Lee’s impacts through the weekend

Lee will not directly impact any land mass over the next few days. But it will make itself known. Large swells generated from Lee are expected in the northern Caribbean, including Puerto Rico and eventually Hispaniola, the Turks and Caicos Islands, and the Bahamas. Rough surf and very strong rip currents are expected, so if you live in these areas or are planning to swim in these areas this weekend or next week, please be very, very cautious.

Swells will build and begin to impact the U.S. East Coast, Bermuda, and eventually the Canadian Maritimes, probably building from south to north beginning around Sunday. Much of next week will feature rough surf and strong rip currents on the Eastern Seaboard.

Lee’s intensity forecast

We should be seeing peak Lee today. Normally, category 5 storms do not stay there. They become vulnerable to internal and some external forces that can cause them to fluctuate in intensity, sometimes considerably. Lee could Sisyphus its way along the intensity scale tonight through Sunday.

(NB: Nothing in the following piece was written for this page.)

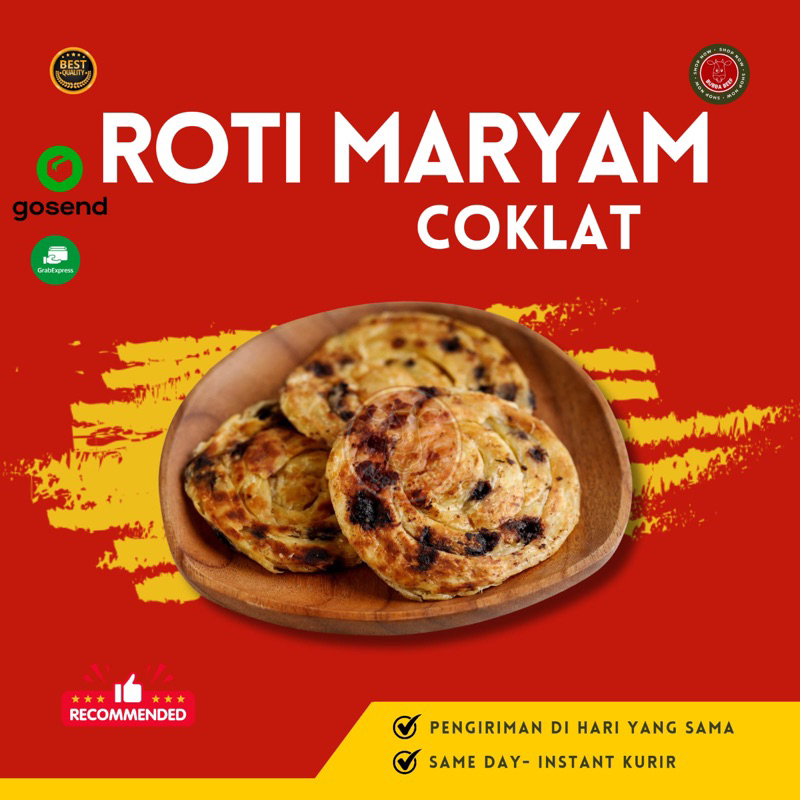 

Roti maryam rasa coklat/makanan beku/frozenfood/Camilan frozen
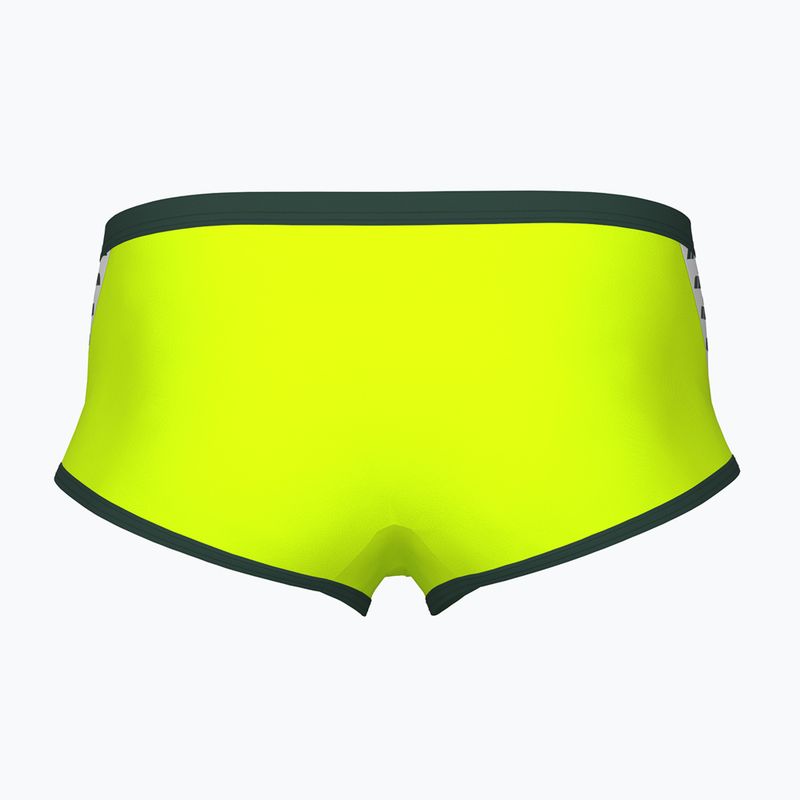 Slip înot bărbați Arena Icons Swim Low Waist Short (lime/dark)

Beyond that, Lee is likely to drop back a notch, probably fluctuating between category 2 and 4 intensity next week as it turns the corner off the East Coast. Certainly still a powerful storm but not quite peak intensity. As Lee further gains latitude later next week, it should weaken further, but in compensation, it could expand in size or increase its forward speed some. Its impacts would still not be that of a category 5 in terms of wind, but it will be capable of causing problems should it make it to land or close to land.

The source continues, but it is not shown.